I recently encountered a challenge in Azure Data Lake Analytics when I attempted to read in a Large UTF-8 JSON Array file and switched to HDInsight PySpark (v2.x, not 3) to process the file. The file is ~110G and has ~150m JSON Objects.

HDInsight PySpark does not appear to support Array of JSON file format for input, so I'm stuck. Also, I have "many" such files with different schemas in each containing hundred of columns each, so creating the schemas for those is not an option at this point.

Question

How do I use out-of-the-box functionality in PySpark 2 on HDInsight to enable these files to be read as JSON?

Thanks,

J

Things I tried

I used the approach at the bottom of this page: from Databricks that supplied the below code snippet:

import json

df = sc.wholeTextFiles('/tmp/*.json').flatMap(lambda x: json.loads(x[1])).toDF()
display(df)

I tried the above, not understanding how "wholeTextFiles" works, and of course ran into OutOfMemory errors that killed my executors quickly.

I attempted loading to an RDD and other open methods, but PySpark appears to support only the JSONLines JSON file format, and I have the Array of JSON Objects due to ADLA's requirement for that file format.

I tried reading in as a text file, stripping Array characters, splitting on the JSON object boundaries and converting to JSON like the above, but that kept giving errors about being unable to convert unicode and/or str (ings).

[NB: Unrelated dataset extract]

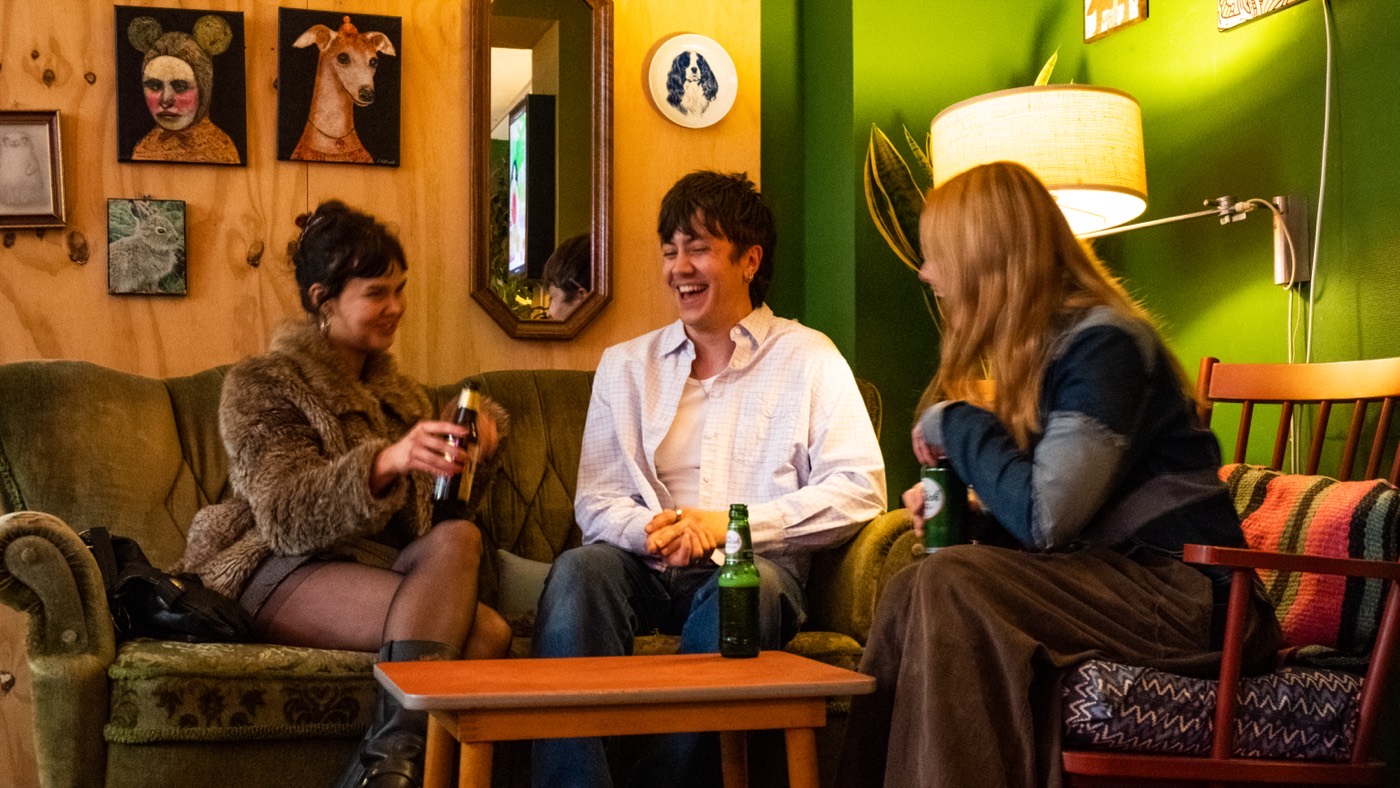 Friends sharing drinks in the lounge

I found a way through the above, and converted to a dataframe containing one column with Rows of strings that were the JSON Objects. However, I did not find a way to output only the JSON Strings from the data frame rows to an output file by themselves. The always came out as

{'dfColumnName':'{...json_string_as_value}'}

I also tried a map function that accepted the above rows, parsed as JSON, extracted the values (JSON I wanted), then parsed the values as JSON. This appeared to work, but when I would try to save, the RDD was type PipelineRDD and had no saveAsTextFile() method. I then tried the toJSON method, but kept getting errors about "found no valid JSON Object", which I did not understand admittedly, and of course other conversion errors.

1

There are 1 answers

0
jatal On BEST ANSWER

I finally found a way forward. I learned that I could read json directly from an RDD, including a PipelineRDD. I found a way to remove the unicode byte order header, wrapping array square brackets, split the JSON Objects based on a fortunate delimiter, and have a distributed dataset for more efficient processing. The output dataframe now had columns named after the JSON elements, inferred the schema, and dynamically adapts for other file formats.

Here is the code - hope it helps!:

#...Spark considers arrays of Json objects to be an invalid format
#    and unicode files are prefixed with a byteorder marker
#
thanksMoiraRDD = sc.textFile( '/a/valid/file/path', partitions ).map(
    lambda x: x.encode('utf-8','ignore').strip(u",\r\n[]\ufeff") 
)

df = sqlContext.read.json(thanksMoiraRDD)